→ **Exercise brief**: Skip every picture, and copy exactly the lines from the one containing "Jeep Compass 1,4" to the end of the data.

Image-caption web data:
--------

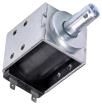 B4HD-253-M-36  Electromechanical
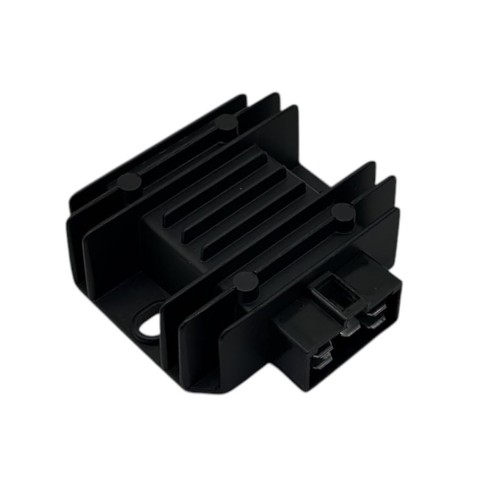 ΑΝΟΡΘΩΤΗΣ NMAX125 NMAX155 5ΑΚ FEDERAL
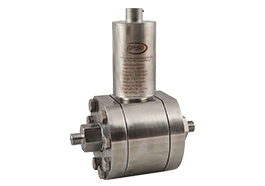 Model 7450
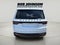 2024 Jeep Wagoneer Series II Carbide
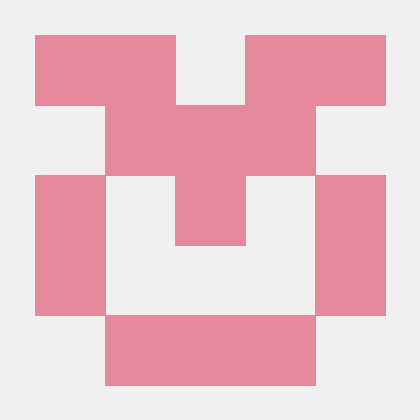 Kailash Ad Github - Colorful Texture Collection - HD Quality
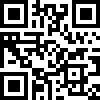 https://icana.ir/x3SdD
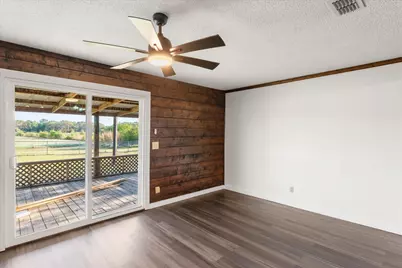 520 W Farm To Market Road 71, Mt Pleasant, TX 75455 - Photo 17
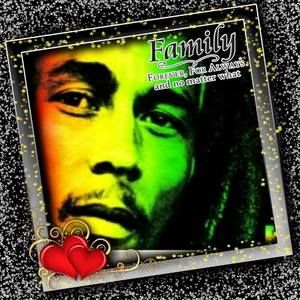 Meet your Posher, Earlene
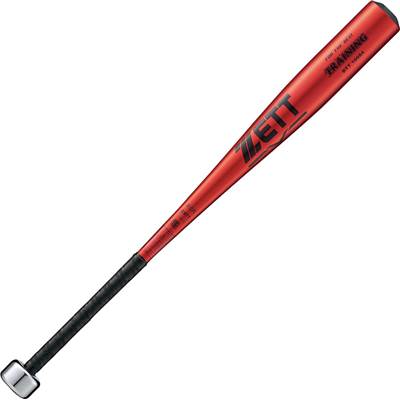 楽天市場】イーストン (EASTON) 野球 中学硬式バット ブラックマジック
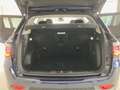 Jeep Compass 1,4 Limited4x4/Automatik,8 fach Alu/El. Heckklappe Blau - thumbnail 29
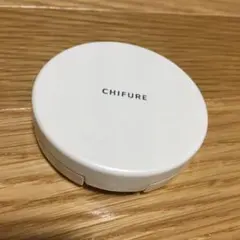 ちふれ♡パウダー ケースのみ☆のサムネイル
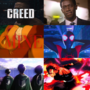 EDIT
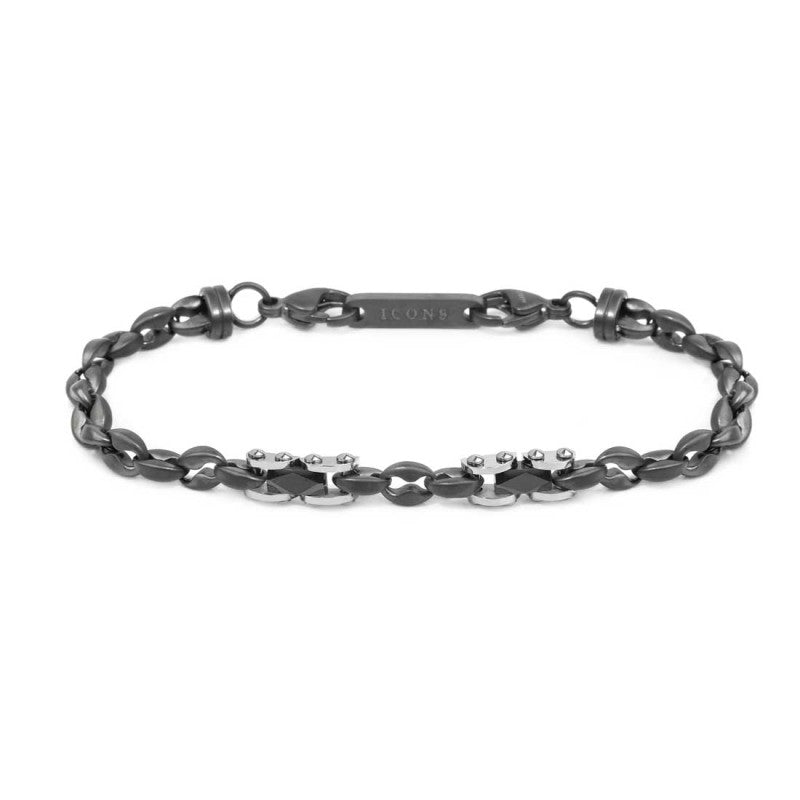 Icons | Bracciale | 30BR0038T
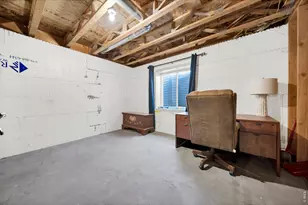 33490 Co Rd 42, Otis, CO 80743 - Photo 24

--------

→ **Result**:
 Jeep Compass 1,4 Limited4x4/Automatik,8 fach Alu/El. Heckklappe Blau - thumbnail 29
 ちふれ♡パウダー ケースのみ☆のサムネイル
 EDIT
 Icons | Bracciale | 30BR0038T
 33490 Co Rd 42, Otis, CO 80743 - Photo 24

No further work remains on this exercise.